I’m seeing this error for exceeding the max size on meta data.
However, the only metadata Im storing is an uuid string
Any ideas?
I’m seeing this error for exceeding the max size on meta data.
However, the only metadata Im storing is an uuid string
Any ideas?
Hi @ntkris,
What’s the index you’re using? And which region is it in? I can take a look and see what’s going on.
thanks cory, i changed some of the code and the error went away
I am having a similar issue @Cory_Pinecone my metadata is also a single uuid and it shows me a similar message, could you help?
Hi @Ayan,
If you’re storing UUIDs as metadata, the problem is almost certainly due to the cardinality of the data. Indexing metadata in Pinecone takes up resources that should be going to storing vectors; for that reason, we recommend using selective metadata filtering and only filtering on those fields that are crucial to your queries. You can still return those unindexed fields with queries, but they won’t take up extra space this way.
Also, consider storing your UUIDs as the vector ID itself rather than as metadata. This way, you can fetch those vectors when needed without any filtering involved.
My metadata filtering query requires the UUID. The other possible option we can use is a namespace, would that alleviate the problem?
Also @Cory_Pinecone, could you please explain a bit more about what do you mean by the cardinality of the data? I thought that the metadata field was limited to 10248 bytes per vector. So I am a bit confused here.
Cardinality has to do with the uniqueness of the metadata. If you have 10M vectors, and they all have a single metadata field that can only be one of two choices (e.g., a boolean), then you’ll have a very low cardinality of two. But if each one has a unique field, which no other does, your cardinality would be 10 million. That data has to be stored somewhere, so setting aside space in the index to keep track of it necessarily means you have less space available to store your actual vectors.
The limit per vector has to do with the total values of the metadata fields being stored. Indexing that data, on the other hand, is a different issue. That’s where concerns about cardinality come into play.
If you segment your vectors into namespaces, keep in mind that your queries will only run on a single namespace at a time. So if you need to compare two vectors associated with different UUIDs, that won’t be possible if they’re in separate namespaces. But if you don’t have to compare vectors with different UUIDs, then this approach could work. But keep in mind that there is still some overhead with namespaces, as well. So if each namespace only has a handful of vectors, you may still run up against storage limitations.

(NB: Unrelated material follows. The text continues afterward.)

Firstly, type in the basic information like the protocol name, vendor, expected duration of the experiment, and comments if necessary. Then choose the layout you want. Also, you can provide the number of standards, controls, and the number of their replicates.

What’s the filter you have to run that requires the UUIDs be in place? And how many vectors do you plan on having associated with a given UUID?
In essence what I am doing is uploading a lot of vectors which has a single UUID as metadata. According to your explanation, this should not lead to a high cardinality right?
But the UUID is an identifier for a document in our database. Which means that each document has a different UUID. So if I try to upload many documents, that might cause issues?
If they all have the same value, then you’re right; that should not introduce any cardinality problems.
How many vectors per UUID do you anticipate having? And what’s the total count of vectors you expect?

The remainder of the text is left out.